┌──

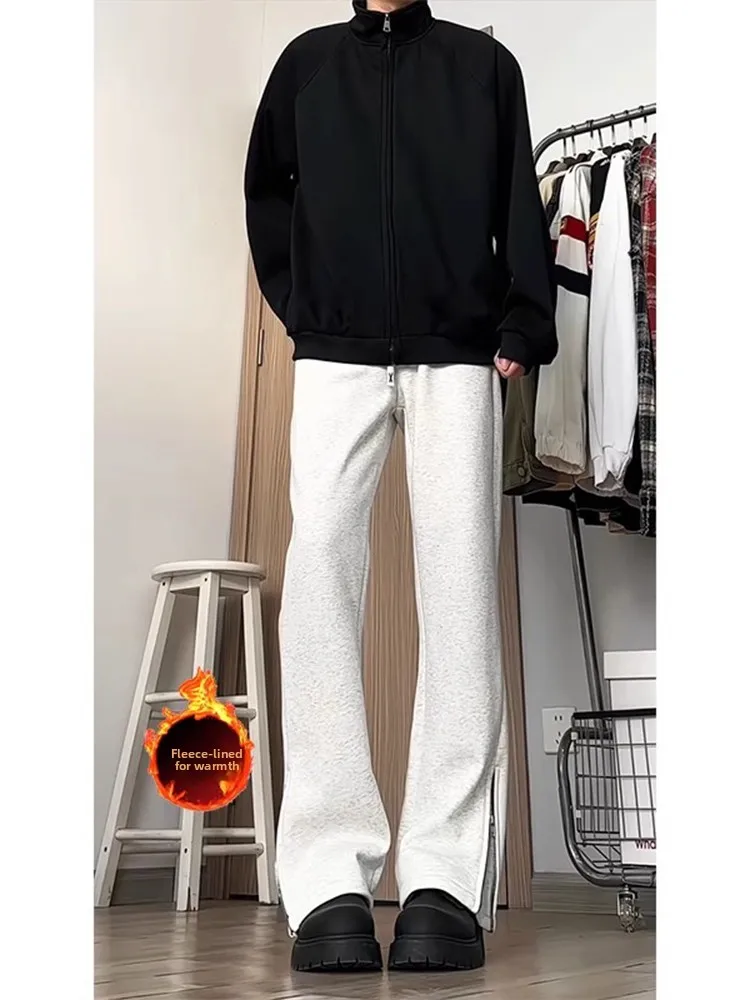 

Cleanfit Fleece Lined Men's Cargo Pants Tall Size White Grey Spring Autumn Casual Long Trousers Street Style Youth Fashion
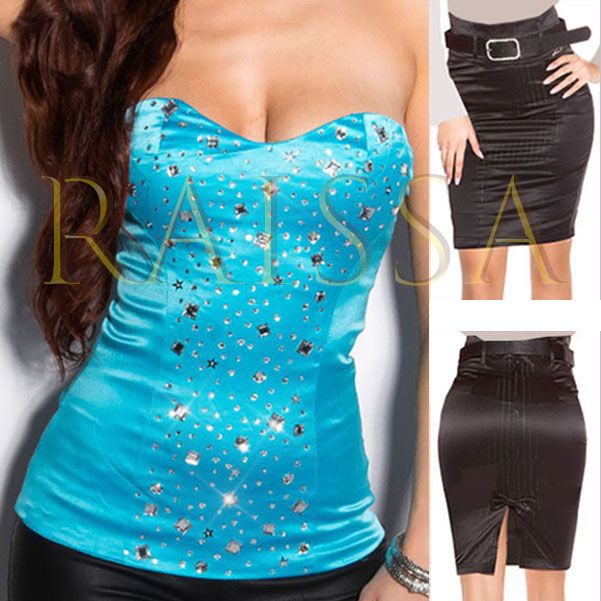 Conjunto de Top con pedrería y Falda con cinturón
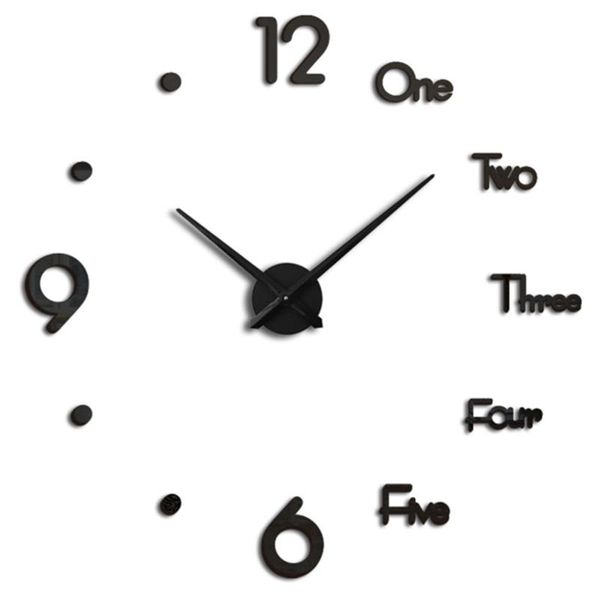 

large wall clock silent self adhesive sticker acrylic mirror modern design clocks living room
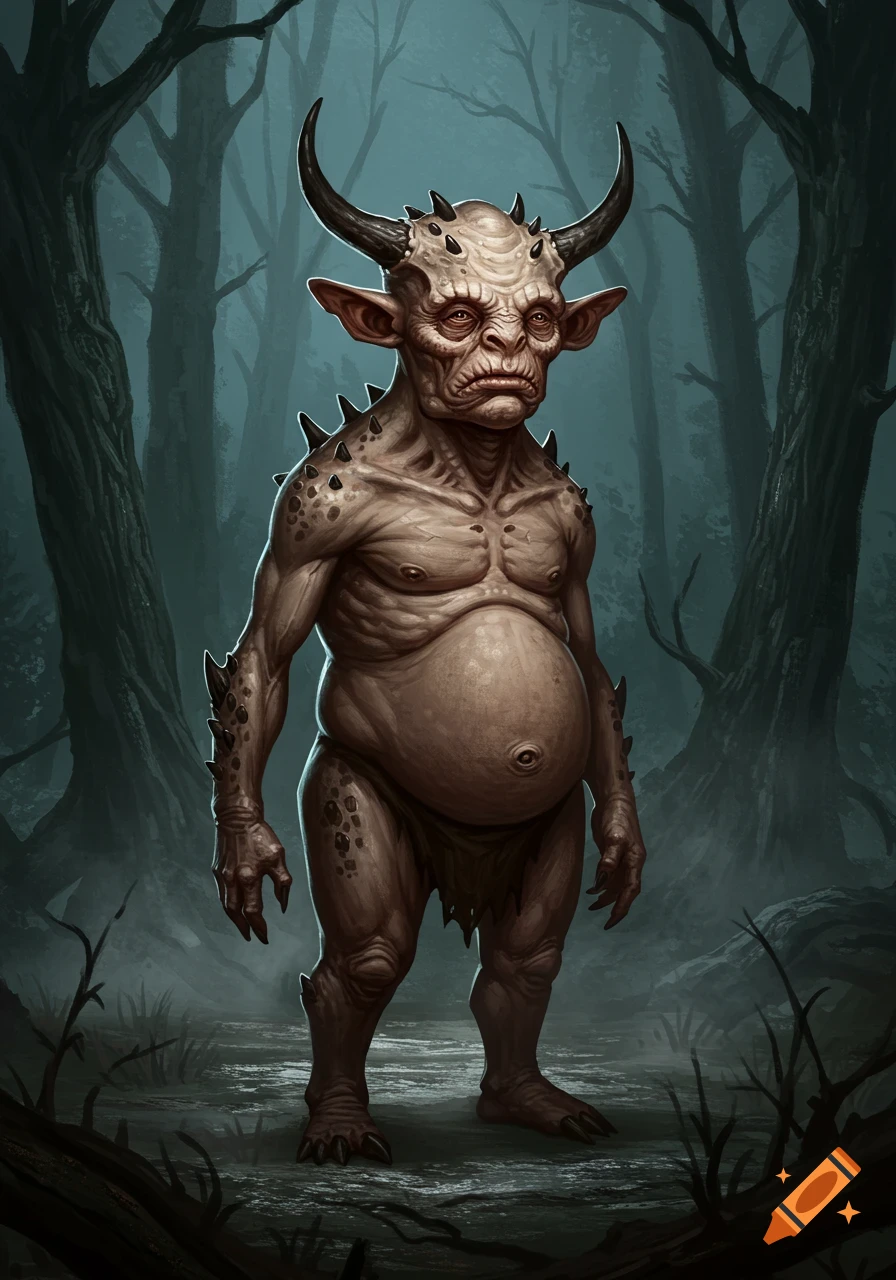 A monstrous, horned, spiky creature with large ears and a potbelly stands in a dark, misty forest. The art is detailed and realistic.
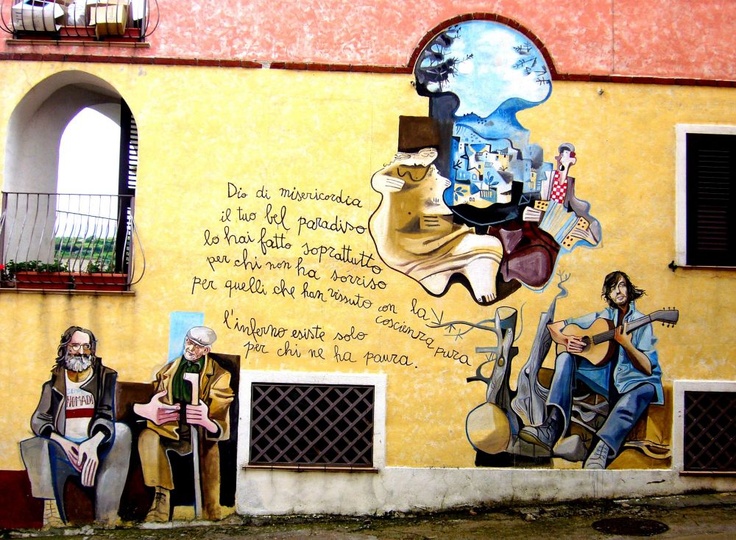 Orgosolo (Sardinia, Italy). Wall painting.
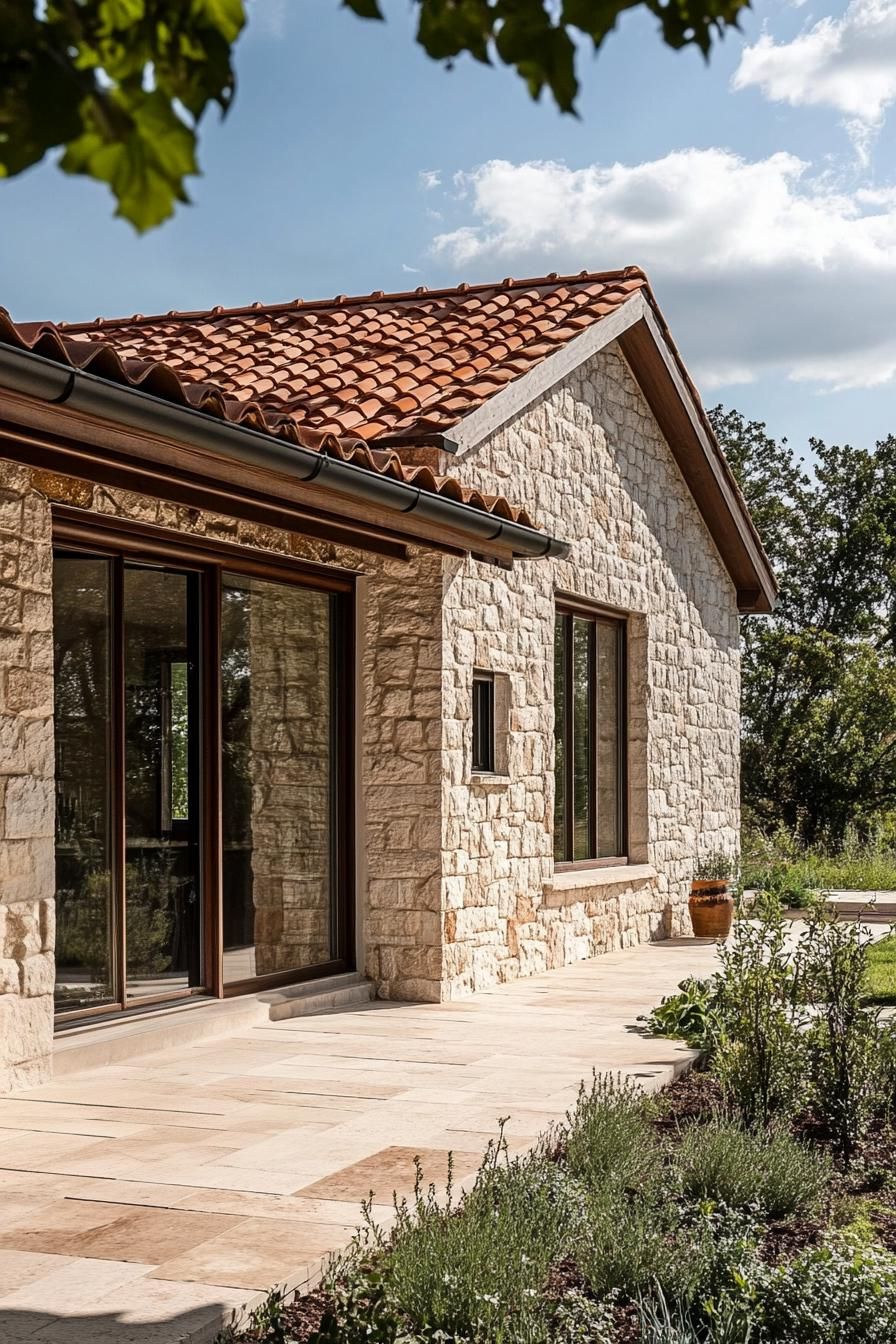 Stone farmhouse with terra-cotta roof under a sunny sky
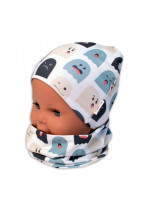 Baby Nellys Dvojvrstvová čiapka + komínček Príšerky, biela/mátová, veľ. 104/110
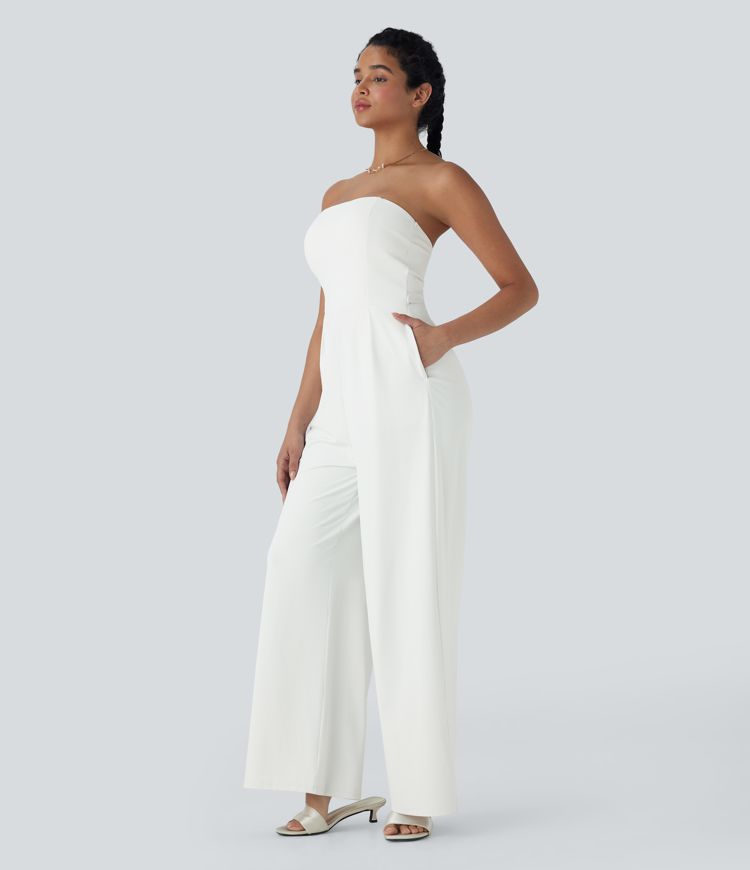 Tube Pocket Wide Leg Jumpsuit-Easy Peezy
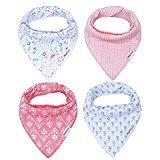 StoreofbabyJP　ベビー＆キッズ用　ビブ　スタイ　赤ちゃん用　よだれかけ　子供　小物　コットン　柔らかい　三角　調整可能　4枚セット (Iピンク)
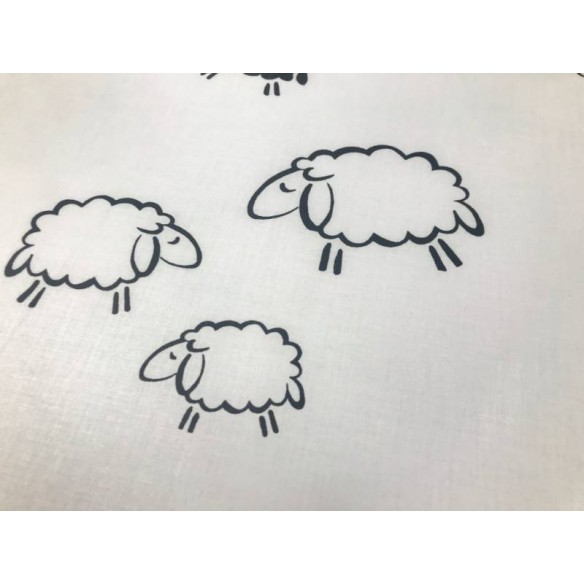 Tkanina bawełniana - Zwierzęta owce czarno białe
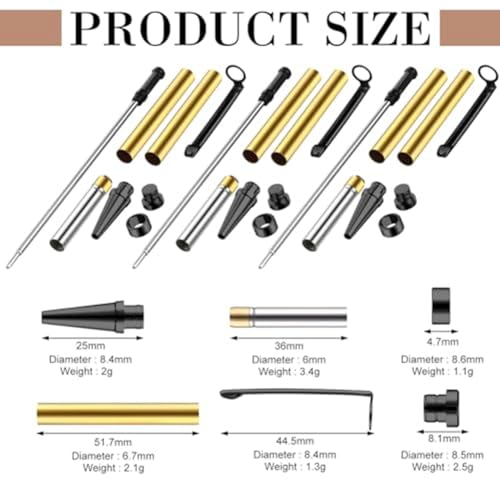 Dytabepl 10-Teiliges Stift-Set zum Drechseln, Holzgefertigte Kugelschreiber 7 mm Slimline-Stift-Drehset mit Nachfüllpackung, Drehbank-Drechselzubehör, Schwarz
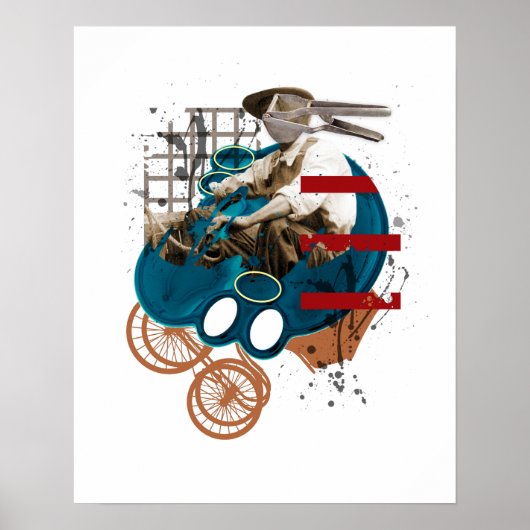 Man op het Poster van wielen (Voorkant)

└──

**Required action**:
In the answer, all of the material should appear exactly as given, with no picture carried over.

**Your response**:
Cleanfit Fleece Lined Men's Cargo Pants Tall Size White Grey Spring Autumn Casual Long Trousers Street Style Youth Fashion
 Conjunto de Top con pedrería y Falda con cinturón

large wall clock silent self adhesive sticker acrylic mirror modern design clocks living room
 A monstrous, horned, spiky creature with large ears and a potbelly stands in a dark, misty forest. The art is detailed and realistic.
 Orgosolo (Sardinia, Italy). Wall painting.
 Stone farmhouse with terra-cotta roof under a sunny sky
 Baby Nellys Dvojvrstvová čiapka + komínček Príšerky, biela/mátová, veľ. 104/110
 Tube Pocket Wide Leg Jumpsuit-Easy Peezy
 StoreofbabyJP　ベビー＆キッズ用　ビブ　スタイ　赤ちゃん用　よだれかけ　子供　小物　コットン　柔らかい　三角　調整可能　4枚セット (Iピンク)
 Tkanina bawełniana - Zwierzęta owce czarno białe
 Dytabepl 10-Teiliges Stift-Set zum Drechseln, Holzgefertigte Kugelschreiber 7 mm Slimline-Stift-Drehset mit Nachfüllpackung, Drehbank-Drechselzubehör, Schwarz
 Man op het Poster van wielen (Voorkant)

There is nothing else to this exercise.